I think you're absolutely right that there are techniques we can all pretty much agree are outdated, even though they were commonplace fifty years ago. I have read two separate retriever training books that recommend beating the dog across the rump. One suggests the free end of the leash, and the other says that you should cut a good switch before you start training your pup. Both defend hitting the dog as a technique based on experience and effectiveness, and both say it's not cruel if you apply it carefully because dogs are slow to respond to pain.

I doubt anybody here, even the most "traditional" or "successful" of trainers, cuts a switch before breaking in a new lab puppy anymore. That technique has been left behind it's too focused on punishment and doesn't create good communication and bonding between dog and handler. Perhaps it's still done in some circles but not bragged about.

Hitting dogs in the face is still apparently acceptable, as evinced by videos posted on this forum by a successful trainer.

I wonder, though, as the science progresses and mainstream training continues to follow it (with a bit of a lag), whether we'll look back and some things that are common today and regard them as old fashioned, less effective, and not so nice, even though they were somewhat effective in their day.


----------



## Ranger (Nov 11, 2009)

As always, I think different techniques work for different dogs. Anything I consider absusive (which is pretty black and white - kicking, hitting, switching, etc) is never used by me at all. Anything BEFORE that line in the sand is a gray area and it depends on the individual dog. If something I do causes a dog to be unsure or cause a reaction I don't like (nervousness, appeasement-behaviour, etc) then it gets toned down dramatically.

For instance, I was working on obedience this weekend with Ranger and my brother's dog Blue. Blue is so much more sensitive and willing to please than Ranger that I happily do all positive reinforcement work with him. The one time I forgot myself and gave him a little correction for forging ahead (a teeny pop on the collar), Blue immediately started licking his lips and then dropped back to where he was lagging until I could encourage him to walk next to me again. My fault - I forgot how sensitive Blue is. Ranger, on the other hand, will happily forge ahead and ignore all verbal cues as he is so focused on whatever is ahead of him. A little collar pop to get his attention and he's back to my side and focused on me, at which point he gets praised and a little goodie, and he's happily working away until he needs his next reminder.

So my line in the sand moves with each individual dog but never passes into what I consider abusive. Some dogs respond better to different training techniques than others and a good trainer adapts to what each dog requires. Not every dog falls into the cookie-cutter training techniques and it's important for good trainers to recognize that and work with it.


----------



## Loisiana (Jul 29, 2009)

Ljilly28 said:


> I'm interested in where we could all have common ground and agree on where to draw the line in exact terms of what is too aversive.
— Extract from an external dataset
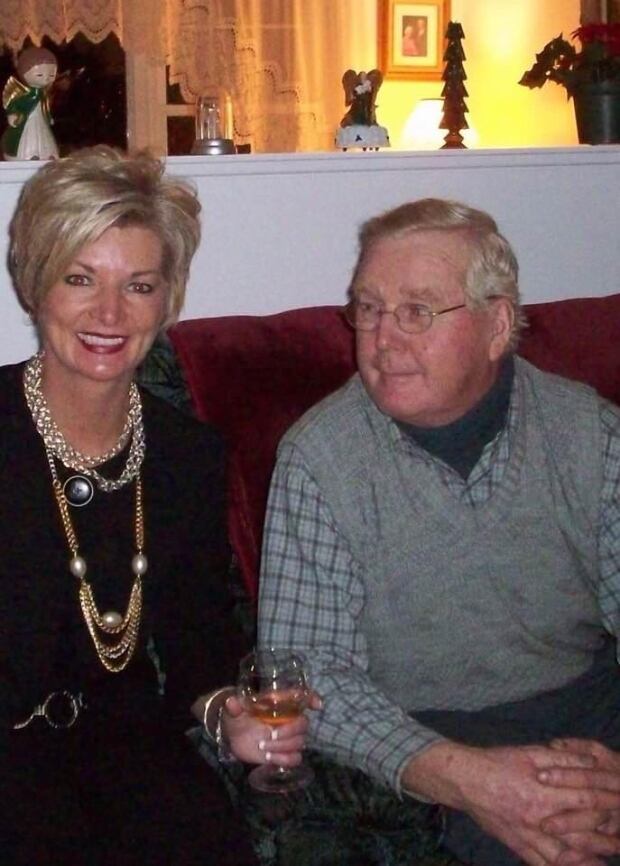 Corrine Hendricken-Eldershaw and her dad Frank Hendricken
I think the whole point is that a line shouldn't be drawn. It's not black and white, this is always right and this is always wrong. You have to take into consideration the current situation and the current dog. What might be abusive for one situation or dog might be fine for a different situation or dog.
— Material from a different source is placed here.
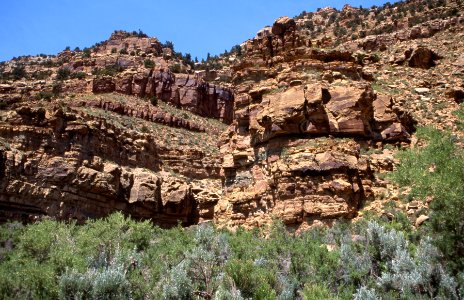 Details of rock face photo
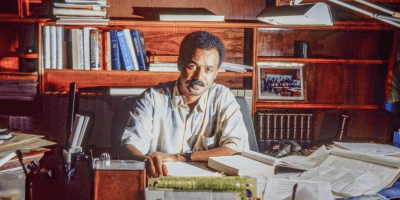 Isaias Afwerki in his office, Asmara, 1991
It can also depend on the quantity/quality/degree. Most people would probably agree if someone said you should never kick a dog in training. When you see that statement it sounds good, why would you want to kick a dog to teach it anything? But then again, when I'm working on about turns I will often bring my right foot behind me and pop my dog's butt with the side of the foot to remind him to hurry up and pop out instead of keeping wrapped too long. So technically I'm kicking my dog. I know my dogs don't think I'm being abusive to them, and I can't imagine many people seeing me do it would think it's harmful either (unless they are just very strong in their belief that anything other than completely hands off training without any aversives at all is harmful). So things aren't always as cut and dry as they seem.


----------



## tippykayak (Oct 27, 2008)

Loisiana said:


> I think the whole point is that a line shouldn't be drawn. It's not black and white, this is always right and this is always wrong. You have to take into consideration the current situation and the current dog. What might be abusive for one situation or dog might be fine for a different situation or dog.
> 
> It can also depend on the quantity/quality/degree. Most people would probably agree if someone said you should never kick a dog in training. When you see that statement it sounds good, why would you want to kick a dog to teach it anything? But then again, when I'm working on about turns I will often bring my right foot behind me and pop my dog's butt with the side of the foot to remind him to hurry up and pop out instead of keeping wrapped too long. So technically I'm kicking my dog. I know my dogs don't think I'm being abusive to them, and I can't imagine many people seeing me do it would think it's harmful either (unless they are just very strong in their belief that anything other than completely hands off training without any aversives at all is harmful). So things aren't always as cut and dry as they seem.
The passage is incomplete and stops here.